Healing is a zero-sum game. Over the course of any given encounter, your raiders are only going to take so much damage. If one healer is handling 75% of the incoming damage, then there's only 25% of the incoming damage for the other healers to handle. The more HPS a healer does, the less their teammates are capable of. DPS classes work in the opposite way, where the more DPS one class does, the more DPS everyone does. Because of this unique zero-sum game that healers compete in, judging a healer's performance can be difficult.
HPS is a liar
If your raid could complete an encounter without taking any damage, you wouldn't need healers. The only reason that holy paladins and the other healers even get raid spots is that bosses happen to deal damage. All of the healing we do is a direct reaction to the damage that our raid takes. Are we fighting a boss that just smashes our tank? If so, we need to focus on single-target throughput. Are we fighting a boss that deals a ton of raid damage? If so, we need to use our AOE heals to ensure that the entire raid stays healthy. Our every cast is predicated by the boss' dealing damage in some way.

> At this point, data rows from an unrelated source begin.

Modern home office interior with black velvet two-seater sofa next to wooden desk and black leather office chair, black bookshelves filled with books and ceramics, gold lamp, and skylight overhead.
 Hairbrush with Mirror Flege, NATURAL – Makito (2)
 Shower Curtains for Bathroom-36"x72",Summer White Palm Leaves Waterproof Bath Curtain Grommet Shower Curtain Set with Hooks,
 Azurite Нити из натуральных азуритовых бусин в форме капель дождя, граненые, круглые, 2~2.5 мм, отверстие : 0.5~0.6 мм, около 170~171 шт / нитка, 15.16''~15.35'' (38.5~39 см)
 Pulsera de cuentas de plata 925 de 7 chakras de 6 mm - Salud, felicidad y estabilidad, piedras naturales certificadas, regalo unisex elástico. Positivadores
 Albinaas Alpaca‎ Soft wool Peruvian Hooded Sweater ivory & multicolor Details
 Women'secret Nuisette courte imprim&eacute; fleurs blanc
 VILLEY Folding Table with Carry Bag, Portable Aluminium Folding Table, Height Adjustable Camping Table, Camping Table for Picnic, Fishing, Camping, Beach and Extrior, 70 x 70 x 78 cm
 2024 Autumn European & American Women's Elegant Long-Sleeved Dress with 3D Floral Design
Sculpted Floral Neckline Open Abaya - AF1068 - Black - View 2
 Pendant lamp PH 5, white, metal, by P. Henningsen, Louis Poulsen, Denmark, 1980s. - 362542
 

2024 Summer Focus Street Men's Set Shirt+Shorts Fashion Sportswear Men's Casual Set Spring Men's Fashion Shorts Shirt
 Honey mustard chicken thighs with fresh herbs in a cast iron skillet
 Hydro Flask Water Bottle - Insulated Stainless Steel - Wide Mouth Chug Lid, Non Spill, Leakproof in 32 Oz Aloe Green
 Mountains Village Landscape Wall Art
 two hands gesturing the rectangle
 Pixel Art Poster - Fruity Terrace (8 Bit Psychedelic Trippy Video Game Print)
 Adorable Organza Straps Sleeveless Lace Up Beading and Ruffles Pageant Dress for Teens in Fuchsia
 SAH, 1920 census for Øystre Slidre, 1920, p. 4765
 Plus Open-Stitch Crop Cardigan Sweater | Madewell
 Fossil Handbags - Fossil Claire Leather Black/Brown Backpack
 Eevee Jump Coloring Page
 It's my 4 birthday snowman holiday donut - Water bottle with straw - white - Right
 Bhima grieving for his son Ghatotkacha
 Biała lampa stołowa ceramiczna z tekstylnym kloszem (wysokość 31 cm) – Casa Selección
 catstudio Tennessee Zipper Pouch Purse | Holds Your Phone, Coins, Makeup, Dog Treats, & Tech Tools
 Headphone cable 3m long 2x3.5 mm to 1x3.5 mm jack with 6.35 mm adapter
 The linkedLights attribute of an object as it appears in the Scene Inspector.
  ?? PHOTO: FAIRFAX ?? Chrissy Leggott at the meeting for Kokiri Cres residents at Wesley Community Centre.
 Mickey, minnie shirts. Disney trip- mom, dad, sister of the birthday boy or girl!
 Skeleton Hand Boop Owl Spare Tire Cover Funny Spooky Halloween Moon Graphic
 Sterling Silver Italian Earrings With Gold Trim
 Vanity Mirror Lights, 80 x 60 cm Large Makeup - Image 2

Bosses can only deal so much damage. If a particular encounter involves an entire raid being hit for 1,000 damage every second, then a 10-man group will need their healers to dole out 10,000 healing per second to counter that damage. Over the course of the fight, if there's no other incoming damage, it's impossible for our average HPS to be over 10,000. We can't heal damage that doesn't exist yet. Absorption bubbles need to be broken in order to be counted on the healing meters.
In our example fight, the raid's healers are tasked with handing out 10,000 healing per second. If we try to split that healing between three healers, we see that an even split would be 3,333 healing per second per healer. Unfortunately for us, due to differences between classes and specs, there's no way for everyone to perform the same in every situation. If you have a resto druid using their amazing AOE healing capabilities to output 7,000 healing per second, the other two healers are left to fight over the remaining 3,000 healing per second. Looking at a raid parse and seeing that a holy paladin only delivered 2,500 HPS might make it seem as if you're working with an awful paladin, but it could also be the druid's fault for being too awesome.
Hogging the healing
We're tossed into raids with other healers, and we're all competing over the same finite resource. When you're healing, you want to be as selfish as possible with HPS. We should take every possible step to take the biggest possible slice of the HPS cake.
You might think that it's counterproductive to fight over who is doing the most healing, but it's an important exercise. If every single healer is scrapping to heal up the one player who just took damage, then you're going to be giving your raid the best healing experience possible. Our goal should be to handle as much of the incoming damage as we can by ourselves and then to let the other healers pick up our leftovers. If every healer in your raid follows the same mentality, then you know that your healing roster is running at optimum efficiency.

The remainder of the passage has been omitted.